Becoming a teenager I really decided to rebel against this religion, my parents and everything. I was probably very bitter because there was not enough love for me. So I became a Hindu. I was very much attracted to India. For me, India was the only place in the world I wanted to go to. I heard about the yogis and the meditations and all these exercises. I wanted to know more about the Hindu religion and getting salvation through enlightment. First you do the exercises and then you find a teacher, a guru. So I started looking around here in Tel Aviv, but at that time very few people were interested in these things. I found some groups of people doing yoga and meditation. When I was fifteen years old, I started to do that also. At the same time, I started to hate my own religion. I told my parents, ‘It is not for me anymore. I want to do what I want on shabbat.’

My hair was like a big afro and I used to stick flowers in it. My jeans were very torn too. I became a sort of a hippie and a Hindu together. Every morning at six o’clock I started the day with meditation. I was also a vegetarian from childhood, just because I did not like meat. But now I became a vegetarian by faith because of my Hindu religion. I practised yoga, Hatta Yoga, did the exercises and meditated. All my friends wanted to get married or to go to the university, but I wanted just one thing, to go to India. This really grew in my heart.

Then after some years my boyfriend and I went to Jerusalem. We were thinking and trying to find God. Then we met a very interesting man at the Wailing Wall. His name is rabbi Karlibach. He welcomed hippies and was himself a bit of a hippie too. He used to sing a lot. He was a chabatnik and called people to come to God through the singing and the happiness. He was very kind to us and said, ‘Come and let’s talk about God.’ We went to his house and he was very loving. He said, ‘Don’t go to India. It is very bad and the land is full of demons. You have to stick with the Jewish religion.’ So, we listened to him, because of the love he had for us. We said okay, we will stop searching like this. So I became a Hozaret Betshuva, which means someone who comes back to the Jewish religion.
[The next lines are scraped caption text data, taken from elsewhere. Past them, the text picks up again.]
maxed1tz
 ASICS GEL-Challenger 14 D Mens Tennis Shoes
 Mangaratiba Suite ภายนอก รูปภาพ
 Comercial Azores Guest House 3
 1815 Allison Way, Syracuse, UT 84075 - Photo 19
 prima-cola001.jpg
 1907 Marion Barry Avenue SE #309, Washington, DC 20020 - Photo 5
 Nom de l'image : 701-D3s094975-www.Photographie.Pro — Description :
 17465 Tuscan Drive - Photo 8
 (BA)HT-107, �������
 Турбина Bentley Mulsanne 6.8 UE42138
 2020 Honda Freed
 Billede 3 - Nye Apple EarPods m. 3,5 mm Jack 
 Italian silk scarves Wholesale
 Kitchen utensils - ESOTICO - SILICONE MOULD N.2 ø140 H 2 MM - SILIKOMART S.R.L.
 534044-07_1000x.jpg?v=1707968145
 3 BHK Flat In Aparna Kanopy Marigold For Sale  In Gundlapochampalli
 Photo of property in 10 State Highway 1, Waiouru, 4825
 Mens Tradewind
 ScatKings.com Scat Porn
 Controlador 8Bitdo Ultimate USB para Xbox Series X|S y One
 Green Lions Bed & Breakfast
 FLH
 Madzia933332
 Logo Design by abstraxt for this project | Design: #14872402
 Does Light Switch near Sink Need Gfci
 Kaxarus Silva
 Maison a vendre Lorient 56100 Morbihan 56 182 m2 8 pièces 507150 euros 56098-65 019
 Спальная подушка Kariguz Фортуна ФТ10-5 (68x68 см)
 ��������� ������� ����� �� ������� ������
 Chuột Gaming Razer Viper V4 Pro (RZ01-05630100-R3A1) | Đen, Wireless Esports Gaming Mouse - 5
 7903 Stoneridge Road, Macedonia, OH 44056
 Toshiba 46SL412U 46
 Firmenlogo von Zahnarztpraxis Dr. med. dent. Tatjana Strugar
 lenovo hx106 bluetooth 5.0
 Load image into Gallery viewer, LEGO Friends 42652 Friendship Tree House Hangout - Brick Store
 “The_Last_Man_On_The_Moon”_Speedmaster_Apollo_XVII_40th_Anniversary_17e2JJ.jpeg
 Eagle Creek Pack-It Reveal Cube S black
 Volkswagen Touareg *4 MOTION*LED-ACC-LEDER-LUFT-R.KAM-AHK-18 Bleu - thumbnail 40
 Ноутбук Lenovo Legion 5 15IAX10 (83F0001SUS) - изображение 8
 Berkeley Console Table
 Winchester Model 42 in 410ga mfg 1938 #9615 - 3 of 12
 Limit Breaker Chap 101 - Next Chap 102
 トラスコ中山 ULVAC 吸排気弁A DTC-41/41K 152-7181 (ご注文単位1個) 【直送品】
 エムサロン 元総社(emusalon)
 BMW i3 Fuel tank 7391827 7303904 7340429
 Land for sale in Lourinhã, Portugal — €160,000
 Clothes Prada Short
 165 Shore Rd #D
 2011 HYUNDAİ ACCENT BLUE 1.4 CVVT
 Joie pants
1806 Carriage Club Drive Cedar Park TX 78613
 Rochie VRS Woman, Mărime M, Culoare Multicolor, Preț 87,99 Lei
It lasted only half a year. We were very religious, very orthodox. I stopped wearing jeans and I started to wear long dresses. I was not a hippie any more, but was very strict in keeping the shabbat. My parents did not like it at all. They thought I was crazy. I left all my Hindu stuff and was a religious Jew. My boyfriend is still like this today. He is still a chabadnik. For me a lot of questions came up but whenever I approached different rabbis and asked these questions, the answers were never satisfactory. It had to do with different explanations about the Bible. Why Judaism emphasises the Gemarah and all these other books so much instead of the Torah. Nobody could give me an answer that satisfied me. I just felt again, that all this keeping of the shabbat and strictly keeping the Mitzwoth, was a burden to me. So I decided to stop it and went back to Hinduism.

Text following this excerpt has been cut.